SLL denounces allegations in LPG operations

All imports are conducted via Letters of Credit, ensuring compliance with banking standards


News Desk March 14, 2024
SSGC logo. PHOTO: FILE

SSGC LPG Limited (SLL), a wholly-owned subsidiary of Sui Southern Gas Company Limited, operates an LPG Import Terminal at Port Qasim Authority (PQA), Karachi.

As a State-owned Enterprise (SOE) under the Ministry of Energy [Petroleum Division] (MoE-PD), SLL is a leading integrated LPG marketing and distribution company in Pakistan, importing LPG through transparent international bidding processes in adherence to PPRA rules.

All imports are conducted via Letters of Credit, ensuring compliance with banking standards.
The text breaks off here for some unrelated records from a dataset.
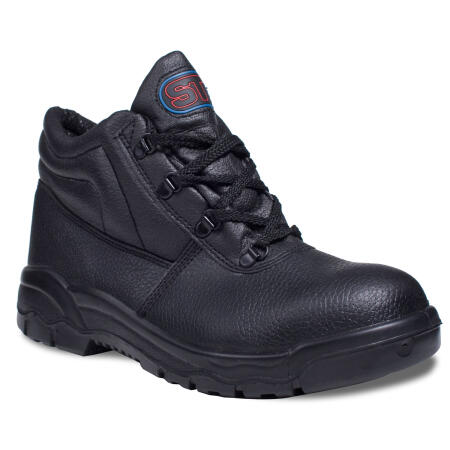 Supertouch Black Chukka Boot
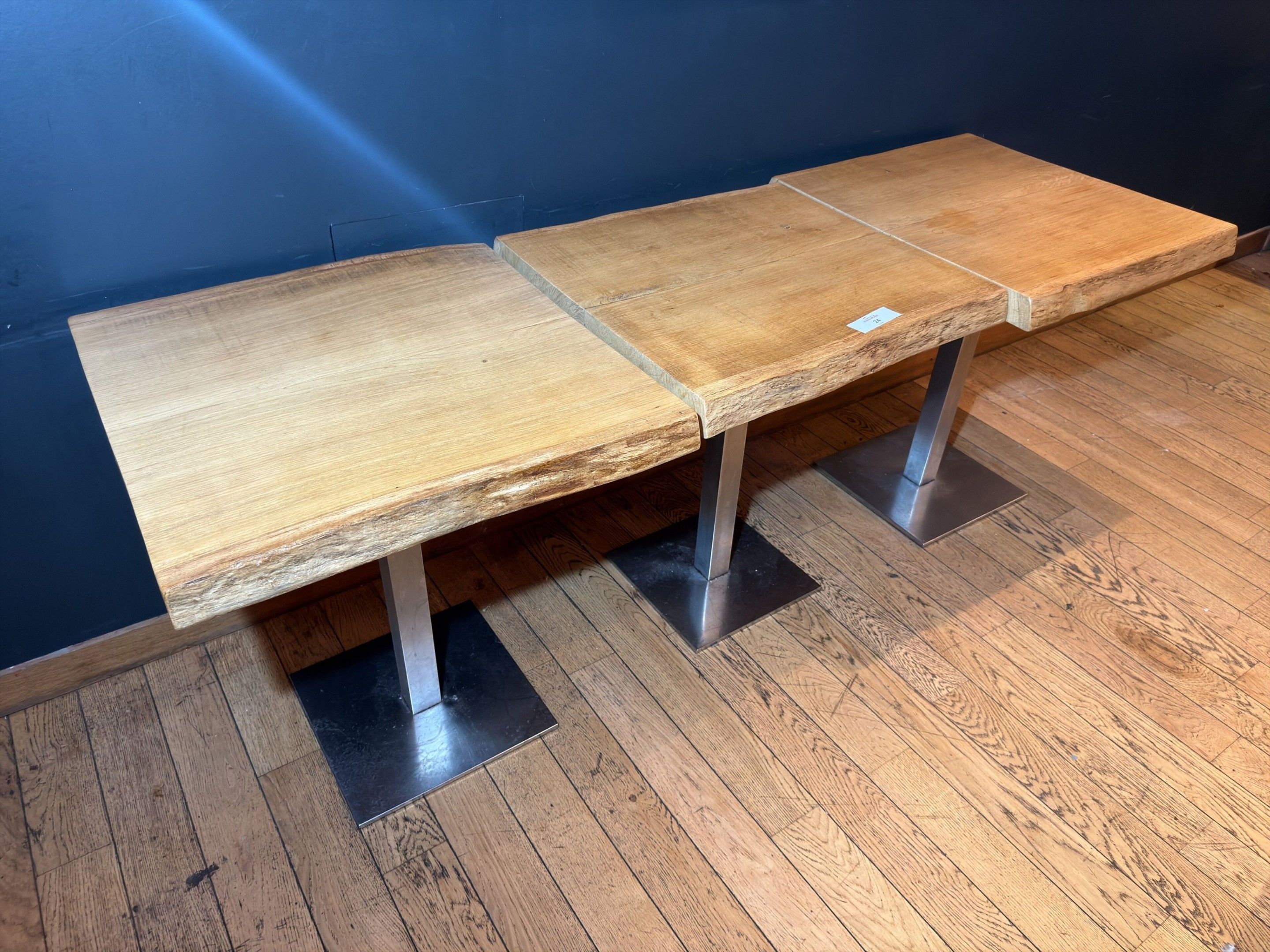 Lot de trois tables de salle à manger à épais plateaux en ch…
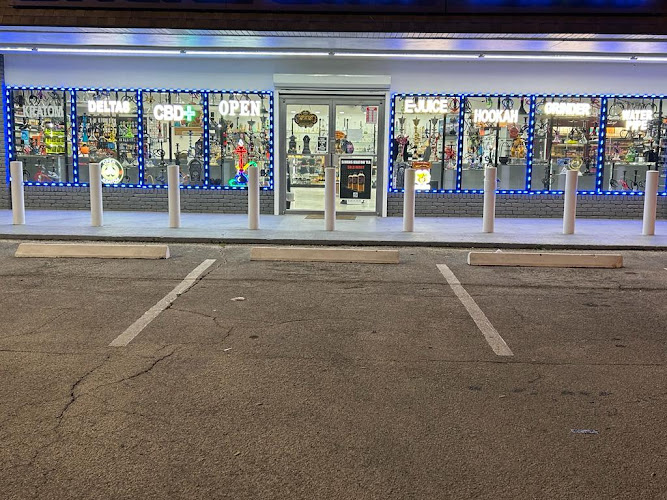 Legends Smokes Smoke Shop in Pinellas Park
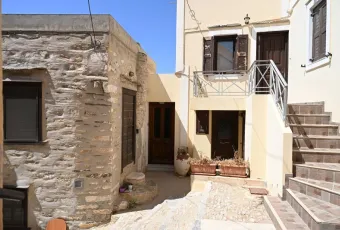 syros dolofonia 42xronis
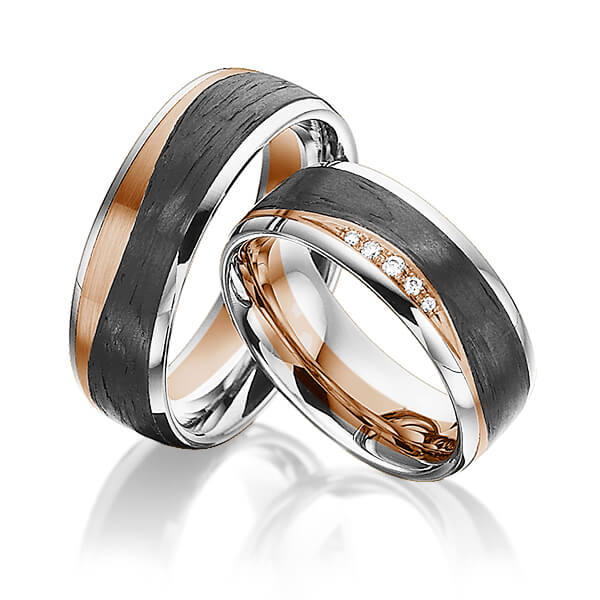 Set Carbon trouwringen in witgoud 14 kt. roodgoud 14 kt. roodgoud 14 kt. met Carbon indentation met in totaal 0,045 ct. Briljant tw/si van Eternal Touch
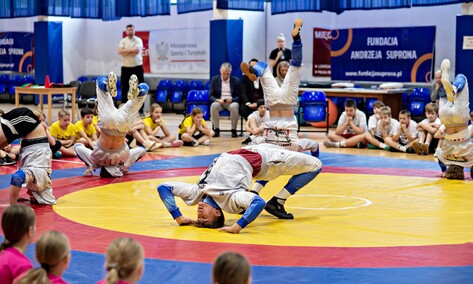 Były mistrz świata w zapasach w Elblągu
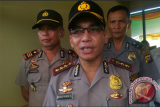 Kapolresta Pontianak, Kombes (Pol) Iwan Imam Susilo di dampingi Kapolsek Sungai Ambawang, AKP Hendri saat melakukan kunjungan kerja di Polsek Sungai Ambawang pada Kamis (19/1) Kubu Raya. (Foto Antara Kalbar / Slamet)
Under directives from the MoE-PD, SLL has increased its LPG imports to prevent shortages during peak demand seasons, while actively combating black market activities that exploit shortages to inflate prices.

Despite being one of over 250 LPG marketing companies in Pakistan, SLL, with an 8 per cent market share, cannot be considered monopolistic.

It solely relies on imports as it lacks local allocations of indigenously produced LPG.

Contrary to claims of unfair pricing, imported LPG prices are regulated by OGRA, maintaining parity with indigenously produced LPG.

Allegations of financial misconduct against SSGC and SLL employees have been consistently denied by the management. Routine inquiries by investigating agencies are standard for public sector SOEs.

Many accusers lack stakes in the LPG market, raising suspicions of ulterior motives to discredit SSGC and SLL.

The company reaffirms its commitment to supply chain improvement, ensuring adequate LPG supply, especially during Ramadan and Eid, in compliance with MoE-PD directives.

Any attempts to defame SLL or hinder LPG imports for personal gain will be met with legal action.